In 1949, he came to Los Angeles and began what would be a seven-decade career in the city. He started playing rock and R&B due to audience demand, he told the Desert Sun in 2016: He would broadcast live, all night and into the early morning, from the Scrivner’s Drive-In parking lot and took requests from the young people who frequented it.

“At night, kids would bring their own records in and I would play them,” he said. “They were crazy about all the Black artists.”

Laboe was one of the first popular DJs to desegregate the airwaves, playing songs by beloved Black artists like Little Richard and The Shirelles for listeners from all racial backgrounds, according to a statement from Laboe’s company, Dart Entertainment. His popularity among Angelenos attracted teens of all races to his live dancehall events, too, and so he helped desegregate those venues, too. He was especially loved by Latino listeners for frequently incorporating lesser-known Chicano soul bands into his lineup of what he called, and later trademarked, “oldies but goodies.”

The phrase became Laboe’s signature, and, beginning in 1959, he released a series of compilation records called “Oldies But Goodies” under his own record label. Beginning in 1972, he hosted a show dedicated to playing nothing but oldies, the first station of its kind, according to the Radio Hall of Fame, into which Laboe was inducted in 2012.

Laboe was also one of the first DJs to welcome listeners to dedicate a song to their loved ones: They’d call in or visit him live when he’d record at the drive-in, leave a message for someone (typically a significant other) and select a song in their honor. It was one of the few places at the time when Mexican Americans, as well as other people of color, living in Los Angeles could find “a medium through which their voices could be heard,” wrote Anthony Macias, University of California, Riverside professor, in 2004.

Also among those receiving dedications – prisoners. Laboe regularly fielded requests from listeners whose loved ones were serving time. The artist Speak, a native Angeleno, told Pitchfork in 2015 that he was listening to Laboe’s show once when he heard his brother, an inmate at Wasco State Prison, call in and dedicate a song to him.

“Art’s voice is the glimmer of hope that everything will be okay,” Speak said. “When he reads your name and message, you feel like an old friend is comforting you.”
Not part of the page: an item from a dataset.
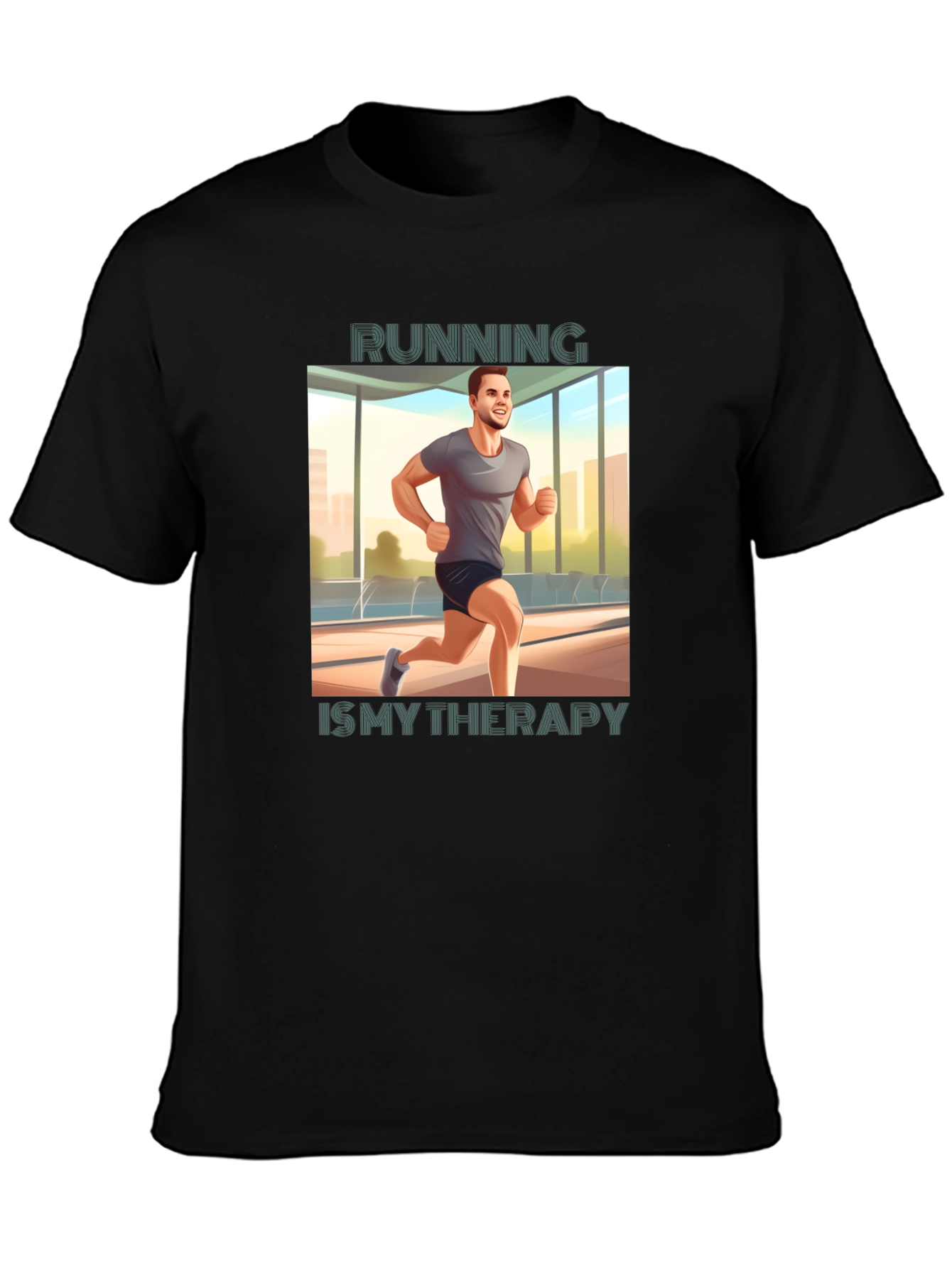 Running is My Therapy Graphic Tee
Up until his death, Laboe hadn’t changed much about his routine, and his baritone voice certainly hadn’t lost its shine. He was still hosting his own radio show and emceeing live concerts, jobs he started 70 years earlier. Most recently, he hosted “The Art Laboe Connection” on station KDAY.
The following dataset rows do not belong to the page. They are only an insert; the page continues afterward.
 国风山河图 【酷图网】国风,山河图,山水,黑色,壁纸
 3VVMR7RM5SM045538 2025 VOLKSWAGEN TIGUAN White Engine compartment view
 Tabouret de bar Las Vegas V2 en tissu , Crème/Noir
In September, the 79th anniversary of Laboe’s radio debut, the nonprofit station dublab flipped the script on Laboe and sent dedications to him. Over an hour and a half, fans called in to give Laboe songs (and kisses): One requested “18 With a Bullet” because Laboe played it for her when she turned 18. Another fan across the country who spent most of her life listening to Laboe requested “La-La Means I Love You.” A fellow broadcaster inspired by Laboe dedicated, of course, “Those Oldies but Goodies,” a song that used the same phrase Laboe was credited with popularizing.

In a 2015 essay after Laboe’s L.A.-based show was temporarily pulled from airwaves, writer Adam Vine mourned the loss of the “lifeline” that was Laboe’s show for countless listeners.

“Art Laboe lets the songs give the advice. He serves merely as a messenger of dedications with a classic radio voice,” Vine wrote. “Art Laboe’s highest achievement is that he connects people separated by distance and time.”

Laboe’s show returned then, and now, the show will go on without him. In a statement shared by Morones, Dart Entertainment said it will continue to broadcast his nightly show and accept dedications in his absence – so his “legacy will endure.”